Sandfire Resources will soon commence construction of a $40 million solar power plant at the Degrussa Copper mine in Western Australia.
The miner has executed a final Power Purchase Agreement with juwi Renewable Energy, which will develop and operate the project.
Sandfire has benefited from the $20.9 million worth of funding from the Australian Renewable Energy Agency (ARENA), and along with most of the remaining balance contributed by French facility owner Neoen, Sandfire will contribute less than $1 million to the project.
The project comprises a 10.6MW solar array of 34,080 panels, covering an area of 20 hectares.
OTOC Limited has secured the contract for the build, due to commence this month and be completed by the end of 2015.
Sandfire MD Karl Simich said solar power represented an exciting opportunity to participate in a low-risk renewable energy initiative.
“The project has the potential to reduce the mine’s diesel consumption and is consistent with our relentless focus on driving down costs,” he said.
“At the same time it will reduce our carbon footprint, make an important contribution towards achieving improved environmental outcomes and potentially helf promote the use of renewable energy in the Australian mining industry.”
Solar and wind projects were recently disapproved for funding by the federal government, which directed ARENA and the Clean Energy Finance Corporation to focus on new technologies.

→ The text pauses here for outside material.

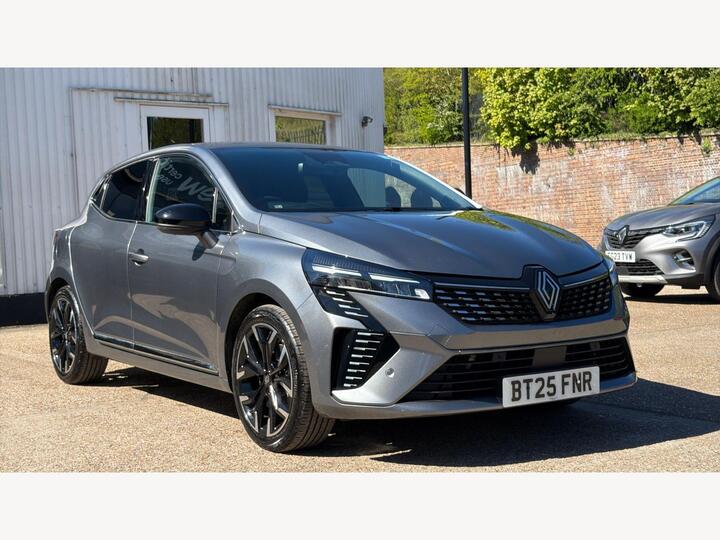 Renault Clio 1.6 E-TECH Techno Auto Euro 6 (s/s) 5dr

ARENA CEO Ivor Frischknecht said the Degrussa solar power plant would be a world leading example that could drive further advancements.
“Remote industries in Australia currently rely on 1.2 GW of power from diesel fuel that is prone to price volatility and supply interruptions,” Frischknecht said.
“Renewables are already competitive with fossil fuels in many off-grid applications, offering a strong, secure and reliable alternative to trucked-in diesel.
“ARENA support will help overcome the early-mover costs currently facing renewable mining projects.
Frischknecht also said the DeGrussa project was supported by modelling showing similar projects could be viable without government subsidies in the near future.
“As with all ARENA supported projects, a detailed knowledge sharing plan has been developed to share operational data and information about the risks, diesel savings achieved and strategies to enable higher penetrations of renewables,” he said.